An NFL team comprised only of men fails to promote opportunities for women and if applied in the tribal workplace, violates the tribe’s pledge of equal employment opportunity.
NFL players have a duty to cooperate with the media by answering questions related to football and many other topics of interest. The handbook typically prohibits employees from speaking on behalf of the tribe.
Tribal workplaces include employee appearance policies which limit the exposure of tattoos and belly buttons while at work. The NFL appears to endorse close ups of assertive tattoos (no pink butterflies) and there is nothing better than a defensive end’s belly button on national television.
Any bleeding that occurs in the tribal workplace generates a first report of injury which is promptly filed with the worker’s compensation carrier, but in the NFL blood is smeared on your half pants for later exposure for the viewing audience.
NFL players use social media to berate the boss, complain about teammates and replay their best work. Tribal employers limit employee access to social media and a tweet or Facebook post could generate a visit to human resources.
The NFL is working hard to export their product to Europe while tribal gaming enterprises are constrained by a confusing, but limiting, definition of Indian lands which confines and limits a tribe’s efforts to be in the export business.
The NFL is on television which includes dozens of cameras, reporters and commentators. I am not sure that a tribal orientation session is ready for a wide angle shot from a blimp or a close-up with color commentary. See it now: “The HR Director just defined quid pro quo harassment and gave an example.” It could be compelling television if it comes from a blimp.
When an important playoff game is won, NFL players dump cold orange liquid over the head of the head coach. Try dumping cold coffee all over the tribal administrator next time a major project is completed. If that experiment goes well, try it on the Tribal Chair next. Please report your findings.
Both tribal employers and the NFL have policies which address the use of illegal drugs but most tribal employers do not limit the use of performance enhancing drugs like coffee, energy drinks and fully caffeinated soda.
Since 1974 when the NFL added an overtime period to resolve home games that end regulation with a tie score, there have been 526 regular season games decided in overtime.
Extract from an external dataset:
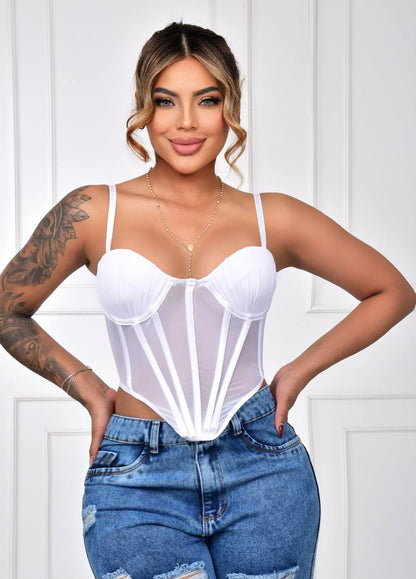 Corset Aurora Luxe zymplux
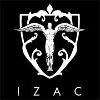 IZAC Logo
When NFL teams engage in the extra work involved in an overtime period, there is no extra pay. The quarterback is likely an executive exempt employee but kickers cannot possibly be exempt and therefore litigation might be necessary to protect kickers from the vagaries of NFL pay practices. When eligible tribal employees work overtime, extra compensation is likely coming whether based on the federal standards or on tribal standards.
Talking about litigation, the NFL is engaged in rampant and widespread age discrimination. One gray hair on a player’s temple and there is talk about being washed up. Compare the NFL’s practices regarding older players and the tribes’ reverence for elders and seasoned employees. Tribal employers do not cut 30 year old employees
The NFL hires referees to monitor compliance with the agreed upon rules of the game. Each of the referees gets to blow a whistle every time there is action on the field. The referees wear striped uniforms which make them look like escaped convicts from Alcatraz. Tribal human resources professionals assist tribal employees with rule compliance; are not allowed to blow their whistles at work, but get to choose more fashionable uniforms than those assigned to prisoners.
There is a mantra in the NFL: “Best ability is availability.” Because tackle football is played for keeps, injuries sideline employees and those employees are not available to work on Sunday. Resilient and lucky players are more available and therefore more valuable to their teams. For tribal employers, the same mantra applies: “Best ability is availability.” In some organizations, managers spend too much time reminding employees about the importance of being available by getting to work on time, being in the right frame of mind and engaging in work, not the water cooler, when the workday starts.
After a game, some other employee washes and presses the uniforms worn by NFL players. After a hard day writing strong policies, I have to wash and press my own clothes. I want to play in the NFL.
Recommendation: Recognize that our meetings, emails and forms are more exciting than an NFL game but do not tell anyone, because if it gets out, there will be a blimp hovering over the tribe’s administration building.